EXERCISE REQUIREMENTS: Scan the records below for the line containing "Twin/Twin XL Grey" and the line containing "Brunizo leather conditioner". Copy both, plus every line between, exactly.

##### LISTED RECORDS #####

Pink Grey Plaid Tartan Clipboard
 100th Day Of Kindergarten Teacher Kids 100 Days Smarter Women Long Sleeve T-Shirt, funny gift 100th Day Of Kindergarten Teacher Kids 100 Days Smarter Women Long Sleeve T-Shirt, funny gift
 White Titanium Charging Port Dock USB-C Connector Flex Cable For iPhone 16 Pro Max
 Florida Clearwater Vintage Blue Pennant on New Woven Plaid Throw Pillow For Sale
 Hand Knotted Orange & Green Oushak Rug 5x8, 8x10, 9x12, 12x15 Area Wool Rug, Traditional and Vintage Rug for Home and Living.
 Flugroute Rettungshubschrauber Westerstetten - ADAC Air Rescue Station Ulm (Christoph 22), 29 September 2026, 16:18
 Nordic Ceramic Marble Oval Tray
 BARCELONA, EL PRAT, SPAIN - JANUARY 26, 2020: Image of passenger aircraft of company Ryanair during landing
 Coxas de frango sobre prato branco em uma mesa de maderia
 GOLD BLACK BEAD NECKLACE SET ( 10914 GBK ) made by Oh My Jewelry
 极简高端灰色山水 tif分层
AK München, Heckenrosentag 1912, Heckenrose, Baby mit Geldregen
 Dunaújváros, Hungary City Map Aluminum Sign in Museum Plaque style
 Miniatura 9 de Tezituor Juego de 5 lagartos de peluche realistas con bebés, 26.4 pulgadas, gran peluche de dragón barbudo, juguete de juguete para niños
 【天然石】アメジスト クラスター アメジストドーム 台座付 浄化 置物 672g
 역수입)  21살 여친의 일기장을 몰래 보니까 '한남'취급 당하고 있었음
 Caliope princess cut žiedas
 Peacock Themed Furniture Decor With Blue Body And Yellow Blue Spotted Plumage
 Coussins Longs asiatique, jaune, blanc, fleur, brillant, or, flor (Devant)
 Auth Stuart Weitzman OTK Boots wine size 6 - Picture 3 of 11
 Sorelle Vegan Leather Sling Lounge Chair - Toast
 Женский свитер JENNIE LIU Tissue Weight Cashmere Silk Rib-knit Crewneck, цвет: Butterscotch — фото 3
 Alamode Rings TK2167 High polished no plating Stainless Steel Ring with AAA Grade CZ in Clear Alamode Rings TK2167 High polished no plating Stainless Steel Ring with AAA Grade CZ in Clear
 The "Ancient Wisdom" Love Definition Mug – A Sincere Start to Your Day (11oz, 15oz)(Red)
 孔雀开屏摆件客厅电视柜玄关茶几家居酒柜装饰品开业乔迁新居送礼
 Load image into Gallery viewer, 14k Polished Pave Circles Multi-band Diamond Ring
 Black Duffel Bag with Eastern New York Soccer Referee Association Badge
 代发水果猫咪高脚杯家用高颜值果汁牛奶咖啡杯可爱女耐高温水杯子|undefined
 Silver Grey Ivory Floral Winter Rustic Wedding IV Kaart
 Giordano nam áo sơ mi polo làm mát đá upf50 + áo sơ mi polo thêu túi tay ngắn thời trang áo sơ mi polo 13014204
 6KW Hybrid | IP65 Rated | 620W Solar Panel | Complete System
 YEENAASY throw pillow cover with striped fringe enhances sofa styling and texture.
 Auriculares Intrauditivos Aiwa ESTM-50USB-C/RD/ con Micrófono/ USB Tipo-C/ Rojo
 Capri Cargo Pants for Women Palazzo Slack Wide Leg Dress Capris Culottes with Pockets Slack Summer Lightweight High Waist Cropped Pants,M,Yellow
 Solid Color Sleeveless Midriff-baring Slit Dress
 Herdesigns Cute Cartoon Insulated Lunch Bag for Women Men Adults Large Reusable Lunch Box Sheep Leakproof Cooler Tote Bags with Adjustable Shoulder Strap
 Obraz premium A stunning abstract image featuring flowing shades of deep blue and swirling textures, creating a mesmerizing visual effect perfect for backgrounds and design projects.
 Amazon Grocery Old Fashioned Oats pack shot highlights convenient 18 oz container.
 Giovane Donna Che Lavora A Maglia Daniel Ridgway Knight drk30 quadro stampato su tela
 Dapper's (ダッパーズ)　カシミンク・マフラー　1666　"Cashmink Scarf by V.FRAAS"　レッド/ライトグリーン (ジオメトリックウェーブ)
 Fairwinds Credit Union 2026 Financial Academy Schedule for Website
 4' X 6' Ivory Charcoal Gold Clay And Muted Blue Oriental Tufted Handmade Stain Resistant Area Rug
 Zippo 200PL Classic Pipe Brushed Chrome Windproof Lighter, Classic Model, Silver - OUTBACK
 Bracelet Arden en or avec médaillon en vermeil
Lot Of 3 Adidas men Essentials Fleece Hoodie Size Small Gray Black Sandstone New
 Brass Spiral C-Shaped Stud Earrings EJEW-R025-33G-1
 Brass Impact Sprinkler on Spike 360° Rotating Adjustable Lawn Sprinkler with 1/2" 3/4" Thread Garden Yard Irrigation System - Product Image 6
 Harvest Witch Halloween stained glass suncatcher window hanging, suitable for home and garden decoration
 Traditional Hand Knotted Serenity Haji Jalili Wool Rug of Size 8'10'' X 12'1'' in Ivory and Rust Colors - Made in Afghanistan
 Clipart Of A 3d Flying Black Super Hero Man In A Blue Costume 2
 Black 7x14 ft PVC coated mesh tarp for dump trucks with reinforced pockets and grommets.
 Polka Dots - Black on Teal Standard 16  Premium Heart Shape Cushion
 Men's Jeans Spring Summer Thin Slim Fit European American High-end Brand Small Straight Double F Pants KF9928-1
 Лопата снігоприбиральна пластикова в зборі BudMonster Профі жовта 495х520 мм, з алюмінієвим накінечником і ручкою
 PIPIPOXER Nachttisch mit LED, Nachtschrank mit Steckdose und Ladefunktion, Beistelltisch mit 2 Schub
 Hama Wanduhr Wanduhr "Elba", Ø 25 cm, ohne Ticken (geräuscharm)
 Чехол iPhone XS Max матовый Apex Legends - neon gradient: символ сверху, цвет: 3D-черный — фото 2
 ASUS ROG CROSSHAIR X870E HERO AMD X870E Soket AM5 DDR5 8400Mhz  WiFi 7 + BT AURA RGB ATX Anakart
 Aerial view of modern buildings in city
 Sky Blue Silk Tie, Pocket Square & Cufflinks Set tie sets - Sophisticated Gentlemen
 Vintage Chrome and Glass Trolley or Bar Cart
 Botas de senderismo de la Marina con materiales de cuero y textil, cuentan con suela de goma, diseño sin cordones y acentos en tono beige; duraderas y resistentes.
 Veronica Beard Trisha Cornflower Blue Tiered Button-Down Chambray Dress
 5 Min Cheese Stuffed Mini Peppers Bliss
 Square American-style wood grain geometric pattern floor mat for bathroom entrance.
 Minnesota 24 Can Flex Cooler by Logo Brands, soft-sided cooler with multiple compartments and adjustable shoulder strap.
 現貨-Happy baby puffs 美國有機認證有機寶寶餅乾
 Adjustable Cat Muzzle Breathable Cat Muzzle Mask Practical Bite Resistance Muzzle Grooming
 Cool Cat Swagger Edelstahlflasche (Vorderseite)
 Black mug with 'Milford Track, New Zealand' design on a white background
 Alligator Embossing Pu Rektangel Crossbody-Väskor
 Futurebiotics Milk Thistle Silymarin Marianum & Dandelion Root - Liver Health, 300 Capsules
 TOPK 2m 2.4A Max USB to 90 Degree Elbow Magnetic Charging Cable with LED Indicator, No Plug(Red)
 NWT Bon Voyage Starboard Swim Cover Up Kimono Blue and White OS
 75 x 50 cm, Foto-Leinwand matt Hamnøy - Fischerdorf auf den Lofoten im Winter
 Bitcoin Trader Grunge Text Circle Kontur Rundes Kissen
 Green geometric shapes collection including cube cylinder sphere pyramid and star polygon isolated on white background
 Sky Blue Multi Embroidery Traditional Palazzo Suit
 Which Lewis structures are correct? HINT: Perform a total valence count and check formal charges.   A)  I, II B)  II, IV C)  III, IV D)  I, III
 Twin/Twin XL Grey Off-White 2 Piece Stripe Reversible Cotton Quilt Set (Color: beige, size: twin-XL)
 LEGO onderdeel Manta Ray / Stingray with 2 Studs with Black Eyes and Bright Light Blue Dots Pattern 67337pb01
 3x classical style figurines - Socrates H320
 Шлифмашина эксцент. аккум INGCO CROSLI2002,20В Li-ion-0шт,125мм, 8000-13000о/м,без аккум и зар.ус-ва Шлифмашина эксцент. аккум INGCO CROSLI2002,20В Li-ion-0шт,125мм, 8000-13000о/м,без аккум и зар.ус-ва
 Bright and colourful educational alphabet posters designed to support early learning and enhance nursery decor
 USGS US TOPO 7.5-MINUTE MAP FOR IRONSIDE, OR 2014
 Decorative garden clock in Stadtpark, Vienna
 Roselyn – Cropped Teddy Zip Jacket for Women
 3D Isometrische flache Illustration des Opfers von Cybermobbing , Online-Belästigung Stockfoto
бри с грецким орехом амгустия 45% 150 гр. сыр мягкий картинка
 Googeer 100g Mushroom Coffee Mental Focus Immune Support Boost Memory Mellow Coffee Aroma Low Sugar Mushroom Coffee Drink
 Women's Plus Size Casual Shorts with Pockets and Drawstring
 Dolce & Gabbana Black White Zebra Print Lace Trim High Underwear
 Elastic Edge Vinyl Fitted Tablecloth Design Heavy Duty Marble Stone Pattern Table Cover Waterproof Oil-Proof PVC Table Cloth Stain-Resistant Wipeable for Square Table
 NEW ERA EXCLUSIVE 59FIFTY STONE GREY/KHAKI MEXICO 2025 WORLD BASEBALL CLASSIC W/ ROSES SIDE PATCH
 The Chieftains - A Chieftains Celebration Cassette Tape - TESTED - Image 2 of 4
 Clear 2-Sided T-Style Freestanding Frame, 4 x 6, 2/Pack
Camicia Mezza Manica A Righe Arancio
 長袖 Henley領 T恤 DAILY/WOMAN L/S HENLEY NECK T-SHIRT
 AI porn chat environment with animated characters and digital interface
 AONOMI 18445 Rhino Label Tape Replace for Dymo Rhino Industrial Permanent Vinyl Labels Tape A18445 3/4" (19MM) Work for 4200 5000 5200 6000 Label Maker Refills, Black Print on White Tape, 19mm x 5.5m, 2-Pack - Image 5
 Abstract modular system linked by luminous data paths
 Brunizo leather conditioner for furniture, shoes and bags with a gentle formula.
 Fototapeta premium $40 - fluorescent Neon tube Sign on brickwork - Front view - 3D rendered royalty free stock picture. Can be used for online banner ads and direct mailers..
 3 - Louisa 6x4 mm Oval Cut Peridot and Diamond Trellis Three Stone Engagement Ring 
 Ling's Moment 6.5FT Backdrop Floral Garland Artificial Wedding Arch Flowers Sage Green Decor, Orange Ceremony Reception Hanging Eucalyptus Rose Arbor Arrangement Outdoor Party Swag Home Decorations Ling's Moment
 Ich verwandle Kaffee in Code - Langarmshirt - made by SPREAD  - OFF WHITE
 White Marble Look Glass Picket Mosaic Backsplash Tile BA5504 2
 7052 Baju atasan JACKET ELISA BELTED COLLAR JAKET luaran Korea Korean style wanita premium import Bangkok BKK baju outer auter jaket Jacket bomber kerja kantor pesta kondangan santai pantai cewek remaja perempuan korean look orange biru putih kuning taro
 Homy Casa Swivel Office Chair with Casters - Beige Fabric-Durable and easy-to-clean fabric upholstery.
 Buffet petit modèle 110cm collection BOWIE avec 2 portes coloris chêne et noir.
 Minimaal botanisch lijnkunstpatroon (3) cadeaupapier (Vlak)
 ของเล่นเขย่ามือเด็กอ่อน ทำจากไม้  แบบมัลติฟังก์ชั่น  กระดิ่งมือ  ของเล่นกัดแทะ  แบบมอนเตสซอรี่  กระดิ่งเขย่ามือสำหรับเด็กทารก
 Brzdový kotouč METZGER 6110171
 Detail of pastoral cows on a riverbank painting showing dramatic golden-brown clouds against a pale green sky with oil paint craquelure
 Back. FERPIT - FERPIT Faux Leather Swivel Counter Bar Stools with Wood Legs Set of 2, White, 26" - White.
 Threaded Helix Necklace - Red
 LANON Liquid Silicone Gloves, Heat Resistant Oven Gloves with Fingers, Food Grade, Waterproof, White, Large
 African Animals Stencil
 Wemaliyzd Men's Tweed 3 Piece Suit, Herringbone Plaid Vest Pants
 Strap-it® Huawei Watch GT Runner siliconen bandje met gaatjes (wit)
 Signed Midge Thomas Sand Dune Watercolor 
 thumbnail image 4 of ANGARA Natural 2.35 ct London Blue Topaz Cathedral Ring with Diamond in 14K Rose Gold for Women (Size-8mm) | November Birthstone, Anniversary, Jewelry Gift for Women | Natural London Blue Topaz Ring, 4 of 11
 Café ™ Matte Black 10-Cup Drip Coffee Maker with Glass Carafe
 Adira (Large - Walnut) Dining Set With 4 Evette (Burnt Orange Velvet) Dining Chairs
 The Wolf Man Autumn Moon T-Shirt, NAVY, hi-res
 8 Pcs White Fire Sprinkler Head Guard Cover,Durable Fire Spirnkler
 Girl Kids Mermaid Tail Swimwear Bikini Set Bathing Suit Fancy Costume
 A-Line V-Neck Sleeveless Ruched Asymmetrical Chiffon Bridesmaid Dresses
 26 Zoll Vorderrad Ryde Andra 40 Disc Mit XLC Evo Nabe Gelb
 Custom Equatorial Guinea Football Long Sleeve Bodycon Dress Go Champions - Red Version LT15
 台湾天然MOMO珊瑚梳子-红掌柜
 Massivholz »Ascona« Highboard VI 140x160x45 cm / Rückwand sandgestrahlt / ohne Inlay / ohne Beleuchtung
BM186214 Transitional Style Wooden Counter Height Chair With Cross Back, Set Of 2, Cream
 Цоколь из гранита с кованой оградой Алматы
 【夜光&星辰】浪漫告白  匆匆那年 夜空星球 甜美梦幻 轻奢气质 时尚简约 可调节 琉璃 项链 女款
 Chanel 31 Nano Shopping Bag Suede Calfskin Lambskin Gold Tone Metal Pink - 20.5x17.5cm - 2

#####

TASK SOLUTION:
 Twin/Twin XL Grey Off-White 2 Piece Stripe Reversible Cotton Quilt Set (Color: beige, size: twin-XL)
 LEGO onderdeel Manta Ray / Stingray with 2 Studs with Black Eyes and Bright Light Blue Dots Pattern 67337pb01
 3x classical style figurines - Socrates H320
 Шлифмашина эксцент. аккум INGCO CROSLI2002,20В Li-ion-0шт,125мм, 8000-13000о/м,без аккум и зар.ус-ва Шлифмашина эксцент. аккум INGCO CROSLI2002,20В Li-ion-0шт,125мм, 8000-13000о/м,без аккум и зар.ус-ва
 Bright and colourful educational alphabet posters designed to support early learning and enhance nursery decor
 USGS US TOPO 7.5-MINUTE MAP FOR IRONSIDE, OR 2014
 Decorative garden clock in Stadtpark, Vienna
 Roselyn – Cropped Teddy Zip Jacket for Women
 3D Isometrische flache Illustration des Opfers von Cybermobbing , Online-Belästigung Stockfoto
бри с грецким орехом амгустия 45% 150 гр. сыр мягкий картинка
 Googeer 100g Mushroom Coffee Mental Focus Immune Support Boost Memory Mellow Coffee Aroma Low Sugar Mushroom Coffee Drink
 Women's Plus Size Casual Shorts with Pockets and Drawstring
 Dolce & Gabbana Black White Zebra Print Lace Trim High Underwear
 Elastic Edge Vinyl Fitted Tablecloth Design Heavy Duty Marble Stone Pattern Table Cover Waterproof Oil-Proof PVC Table Cloth Stain-Resistant Wipeable for Square Table
 NEW ERA EXCLUSIVE 59FIFTY STONE GREY/KHAKI MEXICO 2025 WORLD BASEBALL CLASSIC W/ ROSES SIDE PATCH
 The Chieftains - A Chieftains Celebration Cassette Tape - TESTED - Image 2 of 4
 Clear 2-Sided T-Style Freestanding Frame, 4 x 6, 2/Pack
Camicia Mezza Manica A Righe Arancio
 長袖 Henley領 T恤 DAILY/WOMAN L/S HENLEY NECK T-SHIRT
 AI porn chat environment with animated characters and digital interface
 AONOMI 18445 Rhino Label Tape Replace for Dymo Rhino Industrial Permanent Vinyl Labels Tape A18445 3/4" (19MM) Work for 4200 5000 5200 6000 Label Maker Refills, Black Print on White Tape, 19mm x 5.5m, 2-Pack - Image 5
 Abstract modular system linked by luminous data paths
 Brunizo leather conditioner for furniture, shoes and bags with a gentle formula.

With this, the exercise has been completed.